Task input section start

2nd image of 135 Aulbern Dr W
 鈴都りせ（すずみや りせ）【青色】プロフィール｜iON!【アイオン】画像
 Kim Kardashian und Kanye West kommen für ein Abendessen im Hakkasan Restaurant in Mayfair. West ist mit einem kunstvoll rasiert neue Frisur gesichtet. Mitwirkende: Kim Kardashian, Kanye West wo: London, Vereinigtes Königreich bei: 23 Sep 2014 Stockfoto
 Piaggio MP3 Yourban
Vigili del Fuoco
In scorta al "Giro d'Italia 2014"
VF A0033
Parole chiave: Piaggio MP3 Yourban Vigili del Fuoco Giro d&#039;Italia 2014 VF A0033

Task input section end
Task input section start

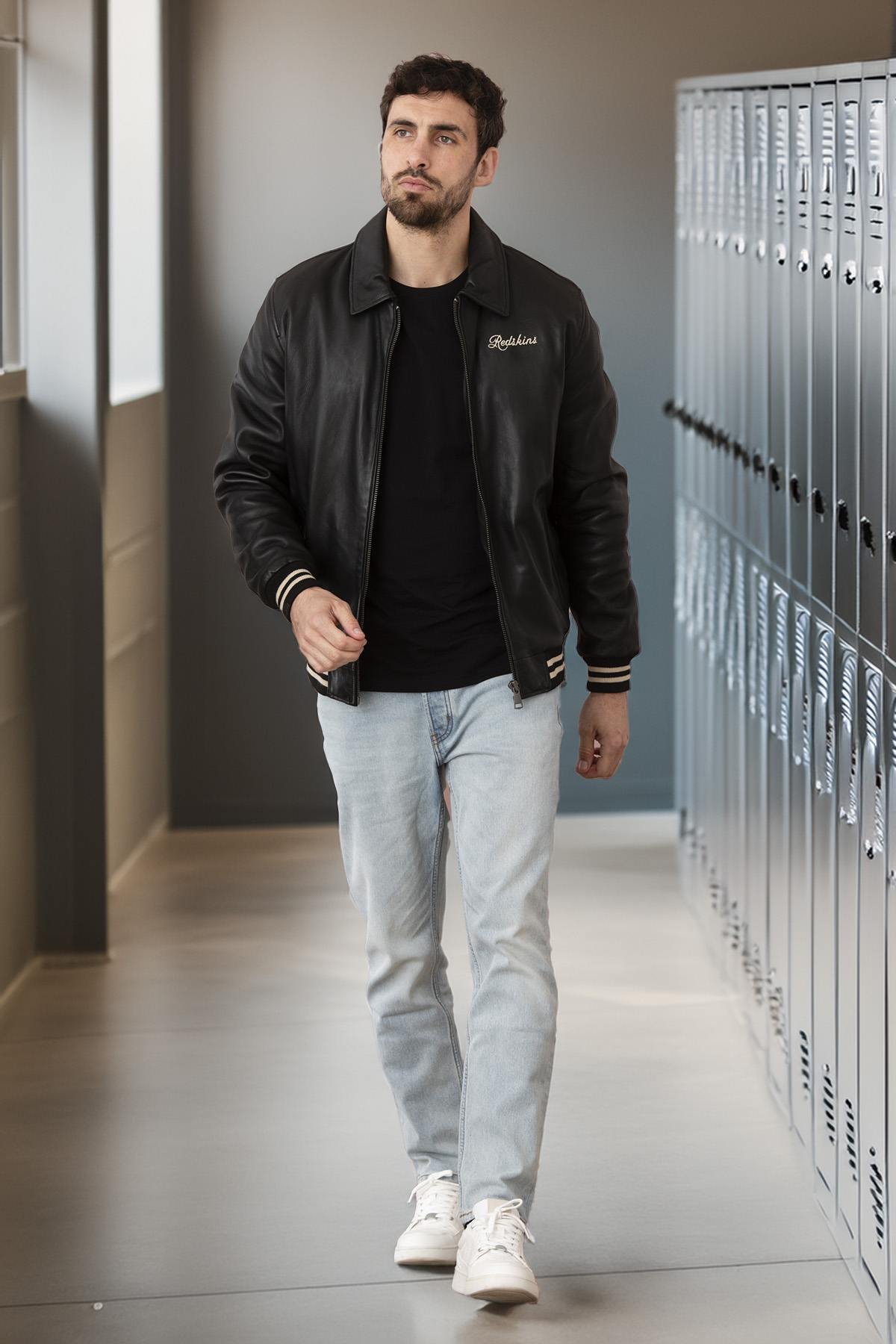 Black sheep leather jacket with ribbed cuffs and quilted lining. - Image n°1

Task input section end

[Problem requirements]: Scan the entries above for the string "Piaggio", and copy every line where it turns up.

[Task result]:
 Piaggio MP3 Yourban
Parole chiave: Piaggio MP3 Yourban Vigili del Fuoco Giro d&#039;Italia 2014 VF A0033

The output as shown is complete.